Not everyone can arrange.Not everyone can compose. Not everyone can wear the tag musician. If you can do things, but just want a framework to work inside, then music theory can help. The question would be that why are you asking? You need to get the groundwork done. If you arrange something, it has to already exist. You already should know what instruments would work well and which wouldn't - as in bagpipes are probably the wrong choice ........ unless they're not! Picking the chords is the hard part. Melancholy often means minor chords, which are often sad rather than happy. There is no formula for success, only rules that help rule out failure. You can have a perfectly formed, no rule breaking piece that is just instantly forgettable, or you could have a rule breaking success. Listen to that old song - Dionne Warwick's Heartbreaker about 18 seconds into the intro there is a note added to the chord that is a very strange choice - it's a Major chord but with a loud Major 7th - it's kind of deliberately added to make the chord uncomfortable, and it dies away just as the melody comes in. It's wrong, but very right at the same time. It was often a thing thrown in to music exams to see if people understood. You would get loads of people justifying it musically and lots saying it simply was a terrible choice for a note in that chord. The chord my itself isn't unusual at all - just the context that messes with people's understanding of the rules. My granny taught me piano and told me that Major 7ths were horrible chord - you NEVER had a B and a C together. That was her teacher's opinion I guess, because Major 7ths I really like played quietly, Dionne Warwick makes the 7th clash a feature and it of course works.

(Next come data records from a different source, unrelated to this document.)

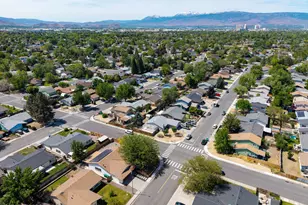 913 Glen Molly Dr, Sparks, NV 89434 - Photo 51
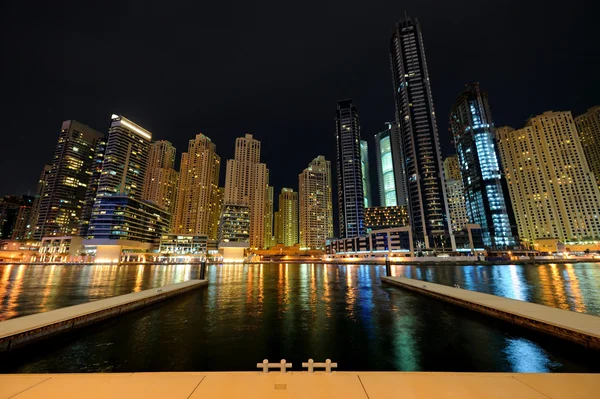 Dubai. Dubai marina på natten — Stockfoto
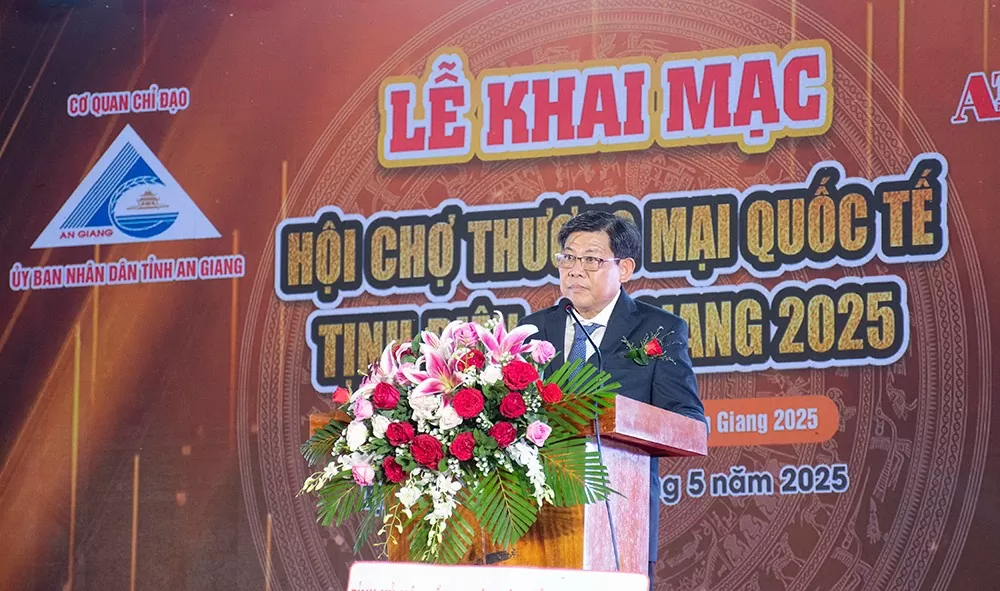 Hội chợ Tịnh Biên - An Giang: Đưa hàng Việt vươn qua cửa ngõ biên giới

I'be very confused when you say you can't do it on VSTi? Why can't you do it? Do you mean you want some automatic chord generator? The first thing for many people is to use the piano or the guitar to try out your chords and their progression - once you have the chords, you can play them on virtually any instrument - real VSTi or in between. You can't decide on strumming rhythms until you have the chord progression. Or maybe you actually could do a rhythm first them work them into chords. The only rule of music club is that it exists, and you can challenge the rules, once you know what the rule is in the first place. To break the rule needs you to know the rule.

Music theory is dull and boring (and very hard) but the skills stay with you for ever. every heard a brand new piece of music and knew exactly what the next note was going to be, and then when you heard it, you were right? That's music theory. Just be aware that not everyone can do it. if you can't that's perfectly fine, and from my teaching days, some people really just cannot do music. However - what do I know. The student I wrote off as unable to sing in tune, and without even a decent voice now makes his living as a professional singer, making far more money that I do - and he can now sing really well. I have no idea what happened.
 
I mean... anything in the orchestra could work.

Piano works with pretty much anything.

There are midi guitar options, but they're usually not very good.
 
If you're not remotely into classical music - see if you can even imagine the clarinet melody that goes along with any of these tracks. Kind of karaoke for mega serious clarinet fiends!